Пять тысяч пятьсот метров. На этой высоте Як-1 развивает максимальную скорость. Со снижением идем в заданный район для прикрытия наших войск от бомбардировочной авиации противника. Беспредельная даль, не омраченная ни разрывами зенитных снарядов, ни росчерком трасс гитлеровских самолетов.
Постепенно углубляемся на вражескую территорию, чтобы встретить юнкерсов на дальних подступах к прикрываемому объекту. Солнце осталось в хвосте, и мы периодически делаем отвороты то вправо, то влево, просматривая воздушное пространство. Если бы не перестрелка внизу, можно было подумать, что просто утюжим небо, зря расходуем бензин.
Я даже начал вспоминать безмятежную голубень над кременчугским аэродромом. Там курсантом аэроклуба впервые поднялся над землей на По-2. Там отросли мои крылья. Там впервые ощутил чувство власти над высотой, такой заманчивой, зовущей! Что и говорить, чумазый слесаренок за штурвалом воздушного корабля! Дети рабочих и крестьян штурмуют пятый океан…
Командир эскадрильи резко развернулся в мою сторону, словно заметил атакующего врага. Мне ничего не оставалось делать, как маневрировать, чтобы оказаться у Андреева с противоположной стороны. Пристроившись, тотчас же почувствовал, как вздрогнула машина. Тяга мотора прекратилась. Фонарь кабины покрыла темно-желтая пленка, сквозь которую почти ничего нельзя рассмотреть.
Снаряд! — обожгла мысль. — Но откуда? Кто стрелял? Ни мессеров, ни юнкерсов нет. Неужели зенитки?
Открываю фонарь кабины, залитый маслом. Иначе ничего не видно. Стараясь выдерживать необходимую скорость, иду со снижением. Ребята остались где-то вверху. А территория? Чужая… Надо развернуться в свою сторону. В глаза ударили лучи солнца. Плохо, но все же на мгновение успел увидеть бешеную карусель. Это Андреев с хлопцами ринулся в бой против Мессершмиттов-110, пытающихся нанести штурмовой удар по нашим войскам.

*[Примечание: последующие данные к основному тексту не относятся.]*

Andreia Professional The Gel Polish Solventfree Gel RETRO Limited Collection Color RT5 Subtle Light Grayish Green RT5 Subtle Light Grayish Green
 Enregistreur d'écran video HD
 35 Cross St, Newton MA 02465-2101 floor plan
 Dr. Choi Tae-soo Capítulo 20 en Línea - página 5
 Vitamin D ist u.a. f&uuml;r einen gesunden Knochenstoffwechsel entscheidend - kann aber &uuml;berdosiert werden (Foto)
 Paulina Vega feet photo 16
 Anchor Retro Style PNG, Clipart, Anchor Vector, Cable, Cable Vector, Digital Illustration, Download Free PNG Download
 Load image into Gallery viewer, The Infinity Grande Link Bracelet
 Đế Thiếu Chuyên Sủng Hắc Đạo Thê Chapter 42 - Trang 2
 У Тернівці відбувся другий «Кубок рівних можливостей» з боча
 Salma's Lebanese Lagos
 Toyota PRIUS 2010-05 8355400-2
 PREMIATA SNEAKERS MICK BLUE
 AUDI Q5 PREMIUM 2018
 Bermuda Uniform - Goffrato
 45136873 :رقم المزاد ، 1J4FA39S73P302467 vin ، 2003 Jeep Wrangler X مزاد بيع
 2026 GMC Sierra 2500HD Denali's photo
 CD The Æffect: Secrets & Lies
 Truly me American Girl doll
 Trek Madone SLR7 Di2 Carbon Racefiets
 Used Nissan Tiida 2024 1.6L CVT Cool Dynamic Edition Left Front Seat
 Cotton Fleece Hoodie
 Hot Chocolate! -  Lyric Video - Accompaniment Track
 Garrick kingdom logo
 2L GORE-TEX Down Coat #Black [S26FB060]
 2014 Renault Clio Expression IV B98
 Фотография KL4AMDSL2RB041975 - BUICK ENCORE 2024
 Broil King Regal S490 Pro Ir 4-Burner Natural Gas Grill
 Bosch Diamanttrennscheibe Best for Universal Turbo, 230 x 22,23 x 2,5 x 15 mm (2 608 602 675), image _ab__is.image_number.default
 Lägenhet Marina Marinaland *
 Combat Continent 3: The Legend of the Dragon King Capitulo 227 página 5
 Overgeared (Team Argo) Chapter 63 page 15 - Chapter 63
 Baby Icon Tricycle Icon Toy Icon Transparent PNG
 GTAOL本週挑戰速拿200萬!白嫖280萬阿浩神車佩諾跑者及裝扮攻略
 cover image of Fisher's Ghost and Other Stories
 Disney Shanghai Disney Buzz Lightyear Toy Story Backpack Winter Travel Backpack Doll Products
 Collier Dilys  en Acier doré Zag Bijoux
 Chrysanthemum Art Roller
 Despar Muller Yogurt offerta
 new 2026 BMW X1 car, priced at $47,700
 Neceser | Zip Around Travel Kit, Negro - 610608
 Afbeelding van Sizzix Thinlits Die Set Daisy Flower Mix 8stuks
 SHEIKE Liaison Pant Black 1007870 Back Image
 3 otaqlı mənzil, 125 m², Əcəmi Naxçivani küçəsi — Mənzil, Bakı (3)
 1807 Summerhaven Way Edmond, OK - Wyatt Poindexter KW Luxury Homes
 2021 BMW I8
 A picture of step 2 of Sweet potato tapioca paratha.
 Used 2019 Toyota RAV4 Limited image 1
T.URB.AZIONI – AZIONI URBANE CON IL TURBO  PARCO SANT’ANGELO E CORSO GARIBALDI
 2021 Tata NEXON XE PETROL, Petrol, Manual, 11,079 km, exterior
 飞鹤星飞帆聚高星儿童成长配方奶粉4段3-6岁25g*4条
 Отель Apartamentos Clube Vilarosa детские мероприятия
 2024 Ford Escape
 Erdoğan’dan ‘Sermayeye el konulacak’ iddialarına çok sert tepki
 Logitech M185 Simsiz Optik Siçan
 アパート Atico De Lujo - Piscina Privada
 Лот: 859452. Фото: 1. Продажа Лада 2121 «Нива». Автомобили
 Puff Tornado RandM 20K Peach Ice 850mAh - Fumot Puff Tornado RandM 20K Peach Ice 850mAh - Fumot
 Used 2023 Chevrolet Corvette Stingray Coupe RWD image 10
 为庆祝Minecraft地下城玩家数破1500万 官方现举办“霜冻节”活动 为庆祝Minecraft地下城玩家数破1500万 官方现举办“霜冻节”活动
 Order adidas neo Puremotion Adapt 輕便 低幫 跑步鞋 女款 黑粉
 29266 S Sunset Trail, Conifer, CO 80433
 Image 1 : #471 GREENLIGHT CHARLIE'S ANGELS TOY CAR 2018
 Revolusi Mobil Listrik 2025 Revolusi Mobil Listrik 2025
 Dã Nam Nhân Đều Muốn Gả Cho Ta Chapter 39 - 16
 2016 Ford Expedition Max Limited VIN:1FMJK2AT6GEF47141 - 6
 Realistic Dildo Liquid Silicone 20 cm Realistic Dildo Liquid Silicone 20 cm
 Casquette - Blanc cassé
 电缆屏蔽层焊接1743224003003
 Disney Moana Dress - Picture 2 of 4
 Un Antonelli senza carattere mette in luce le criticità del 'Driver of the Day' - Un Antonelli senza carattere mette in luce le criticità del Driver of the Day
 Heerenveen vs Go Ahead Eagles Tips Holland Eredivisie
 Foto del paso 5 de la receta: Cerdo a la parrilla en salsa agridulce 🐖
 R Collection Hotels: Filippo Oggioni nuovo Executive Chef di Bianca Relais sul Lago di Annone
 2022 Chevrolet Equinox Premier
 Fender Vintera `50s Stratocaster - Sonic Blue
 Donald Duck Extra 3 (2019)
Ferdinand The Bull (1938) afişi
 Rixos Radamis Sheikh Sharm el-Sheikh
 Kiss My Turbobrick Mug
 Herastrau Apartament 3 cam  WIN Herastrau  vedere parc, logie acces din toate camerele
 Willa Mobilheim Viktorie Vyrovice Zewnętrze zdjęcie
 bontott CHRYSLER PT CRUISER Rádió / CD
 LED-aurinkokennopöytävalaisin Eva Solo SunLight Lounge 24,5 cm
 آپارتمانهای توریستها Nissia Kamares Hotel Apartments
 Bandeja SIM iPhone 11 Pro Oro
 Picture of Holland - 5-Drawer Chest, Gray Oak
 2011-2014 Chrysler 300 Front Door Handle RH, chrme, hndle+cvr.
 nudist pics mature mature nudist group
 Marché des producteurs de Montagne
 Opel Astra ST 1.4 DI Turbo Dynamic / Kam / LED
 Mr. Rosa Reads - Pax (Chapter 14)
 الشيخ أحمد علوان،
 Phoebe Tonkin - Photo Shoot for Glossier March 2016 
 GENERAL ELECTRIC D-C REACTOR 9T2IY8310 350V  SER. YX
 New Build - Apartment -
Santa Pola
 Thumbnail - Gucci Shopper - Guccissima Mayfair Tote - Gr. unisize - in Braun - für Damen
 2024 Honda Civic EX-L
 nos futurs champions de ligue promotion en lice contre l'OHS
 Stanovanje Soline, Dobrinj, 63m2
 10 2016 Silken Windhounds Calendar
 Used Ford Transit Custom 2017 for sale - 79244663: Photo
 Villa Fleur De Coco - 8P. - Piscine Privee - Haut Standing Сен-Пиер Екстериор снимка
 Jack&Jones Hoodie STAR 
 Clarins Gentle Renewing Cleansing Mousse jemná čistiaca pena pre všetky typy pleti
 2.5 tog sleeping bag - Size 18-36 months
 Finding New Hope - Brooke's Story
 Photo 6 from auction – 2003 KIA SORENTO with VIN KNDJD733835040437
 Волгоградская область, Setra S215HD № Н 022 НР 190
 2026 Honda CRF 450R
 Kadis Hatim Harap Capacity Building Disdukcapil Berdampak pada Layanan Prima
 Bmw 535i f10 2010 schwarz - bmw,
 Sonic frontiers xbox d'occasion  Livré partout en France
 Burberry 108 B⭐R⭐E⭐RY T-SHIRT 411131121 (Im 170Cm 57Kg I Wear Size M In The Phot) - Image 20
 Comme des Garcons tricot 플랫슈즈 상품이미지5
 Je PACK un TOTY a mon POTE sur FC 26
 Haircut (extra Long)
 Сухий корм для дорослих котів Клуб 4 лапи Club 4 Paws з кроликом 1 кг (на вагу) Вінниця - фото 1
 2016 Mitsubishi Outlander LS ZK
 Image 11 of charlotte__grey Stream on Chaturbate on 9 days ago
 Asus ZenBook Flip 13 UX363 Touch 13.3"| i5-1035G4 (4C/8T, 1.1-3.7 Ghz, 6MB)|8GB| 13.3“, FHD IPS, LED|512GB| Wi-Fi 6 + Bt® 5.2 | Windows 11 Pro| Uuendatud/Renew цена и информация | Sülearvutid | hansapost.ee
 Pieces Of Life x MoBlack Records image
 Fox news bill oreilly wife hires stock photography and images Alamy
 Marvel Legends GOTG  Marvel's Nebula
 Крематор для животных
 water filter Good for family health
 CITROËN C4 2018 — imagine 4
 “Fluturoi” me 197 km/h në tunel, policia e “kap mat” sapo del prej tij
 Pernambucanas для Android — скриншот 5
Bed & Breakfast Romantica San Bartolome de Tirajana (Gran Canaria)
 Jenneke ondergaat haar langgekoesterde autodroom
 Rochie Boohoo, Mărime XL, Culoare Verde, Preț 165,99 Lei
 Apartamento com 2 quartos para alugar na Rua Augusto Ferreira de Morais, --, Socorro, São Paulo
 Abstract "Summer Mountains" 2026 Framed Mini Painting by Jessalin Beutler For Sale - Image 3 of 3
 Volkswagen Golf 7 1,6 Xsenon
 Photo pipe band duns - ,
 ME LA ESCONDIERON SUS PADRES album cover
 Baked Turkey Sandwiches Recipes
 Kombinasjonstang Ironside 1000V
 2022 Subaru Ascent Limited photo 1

Убедившись, что за мной погони нет, выбираю площадку для посадки. Впереди между двумя лесными массивами – снежная поляна. Прямо под крылом мелькают окопы. Свои? Чужие? По мне не стреляют. Вероятно, свои. Необходимо спасти самолет. Жалко сажать его на фюзеляж: погнутся винт, щитки, обшивка. И я решаюсь на запретное – приземлиться на лыжи. Будь что будет… Як плавно касается наста у самой опушки леса и, замедляя движение, оставляет глубокий след.
В лес. Немедленно в лес! А как быть с самолетом? Не отдавать же его немцам, если они поблизости отсюда. Вон уже бегут. Еще минута, и будет поздно. Загоняю патрон в ствол пистолета. И вдруг…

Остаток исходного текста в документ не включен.